But knowing Hillary has 40% isn’t as important as knowing whether she’s really ahead of Barack Obama (who polled 30%) or whether the difference may be statistical noise.  As the previous discussion asked, if Hillary’s percentage could be 5% too high, couldn’t Barack’s be 5% too low?  This seems especially likely, since her “extra” votes must have been taken from somebody else’s total.

To understand the comparison of percentages between choices posed in a single question, we have to change our thinking from “deviation” to “variance” which is defined as the average squared deviation.  This is necessary because statistical mathematics deals almost exclusively with squared errors, not actual errors, for reasons which lie buried deep in theory.

The “variance” of the difference between two simple (“binomial”) variables like the candidates’ percentages is equal to the sum of their variances, plus twice their covariance.  “Covariance”  is closely related to “correlation”, which you may dimly remember is a measure of the degree to which two variables tend to move together (in which case they are positively correlated) or move in opposite directions (in which case they are negatively correlated).

When you look at the answer to a poll question, it’s obvious that each candidate’s support is negatively correlated with each of the others.  If one candidate goes up, somebody else is likely to go down.  If a statistical fluke gives too many votes to Hillary, it’s likely to have taken them from Barack.

Unfortunately, I don’t know an authoritative method for estimating the covariance in this circumstance, but perhaps my critics will provide one.  Until we hear from them, I assert the correct formula (using H for Hillary’s support, and B for Barack’s) is to multiply the MOE for a single candidate by:

Sqrt(2 + B/(1-H) + H/(1-B))

which in this example would be

Sqrt(2+ 30/60 + 40/70)  =  1.75

Don’t worry if you didn’t follow that calculation – I didn’t follow it either, and I bet I left out at least one factor somewhere.  The only claim I make is that it produces reasonable results for every pair of numbers I try.
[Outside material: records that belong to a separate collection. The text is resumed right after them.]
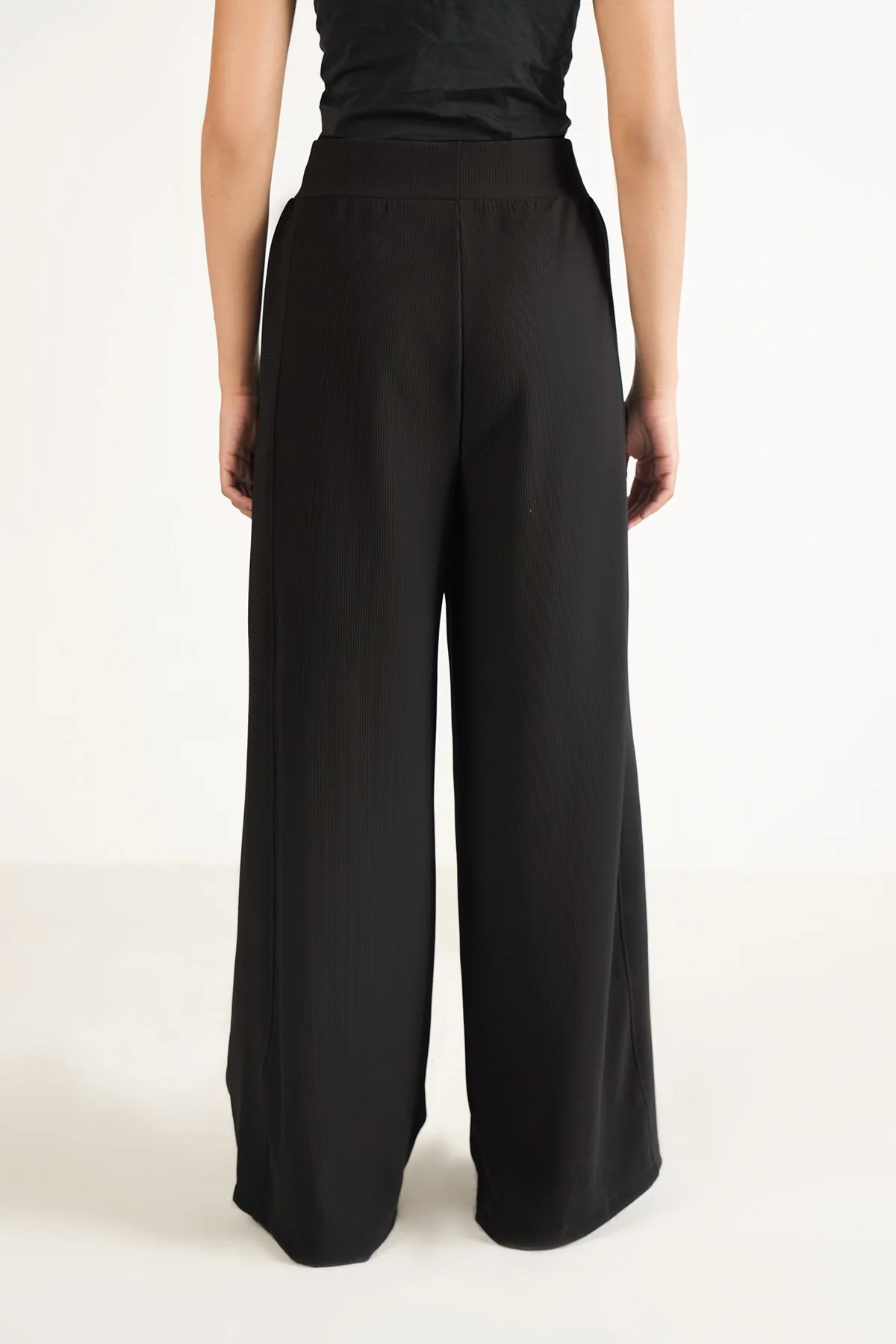 RIBBED WIDE LEG PANTS - Image 5
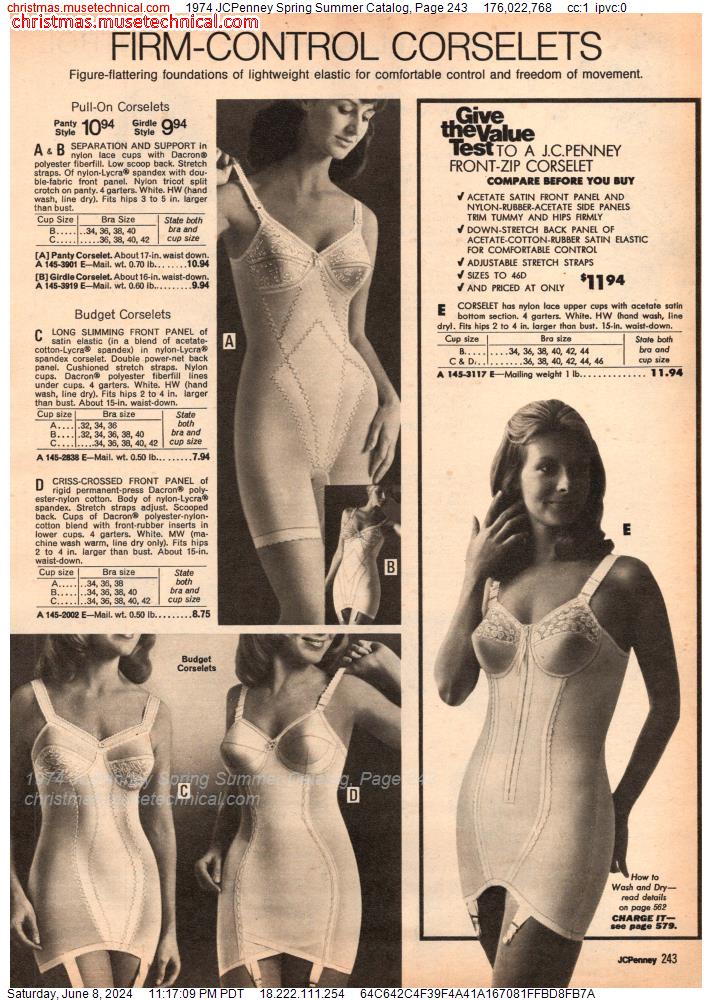1974 JCPenney Spring Summer Catalog, Page 243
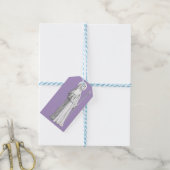 Sint Catharina van Siena Maagd Cadeaulabel (Met Touw)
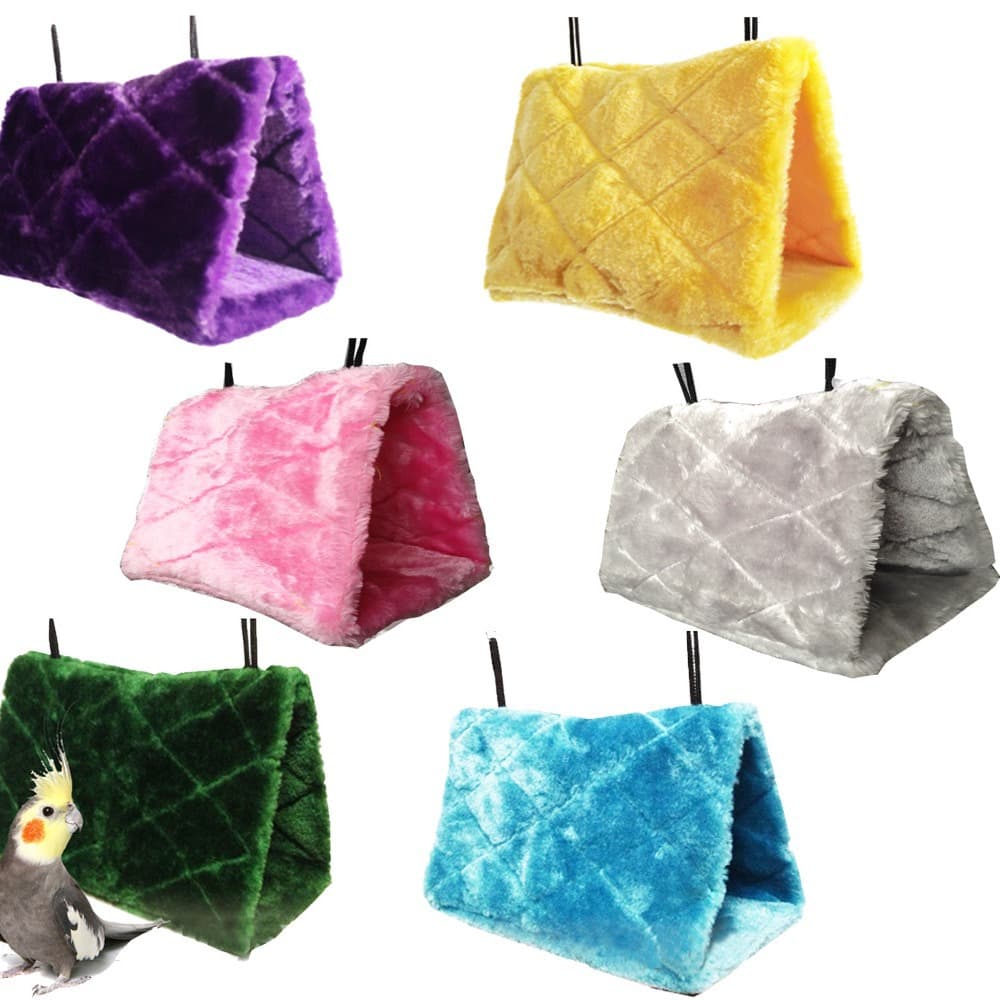 Velvet hamster nest parrot myna myna winter bird nest sugar glider warm bird cage cotton nest triangle baby bird nest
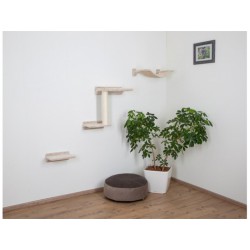 Škrabadlo pro kočky KERBL ZUGSPITZE - sada nástěnných pater, béžová, 5 ks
Back to the original question:  what’s the MOE for comparing Hillary to Barack when a poll with 400 respondents shows her winning 40% to 30%?

Since the MOE for a Hillary (or Barack) considered alone is +/- 5%, the MOE for the difference between them is about +/- 8.75%.

In general, the MOE for comparing two candidates is close to twice the MOE stated by the pollster for a single candidate, unless both of the candidates are well below 50%.  For complete non-entities (if you were concerned, for example whether  Dodd will finish ahead of Kucinich) the MOE is only about 1.45 times the individual figure.

So, if we want to know whether a candidate’s lead over another in a poll is real,  the margin of error is between 1.5 and 2.0 times as large as the typically stated number.

 What about comparing two different polls, to see if there has been a change?

As before, the answer hinges on the variance of the polls’ estimates.  In the simplest case, where the two polls have equal sample sizes – and therefor equal stated MOE’s – the variance of the difference from one poll to the next is simply the sum of the variances of the two polls, which is to say: the variance is exactly doubled.  Since the MOE is proportional to the square root of the variance, it is simply multiplied by about 1.41.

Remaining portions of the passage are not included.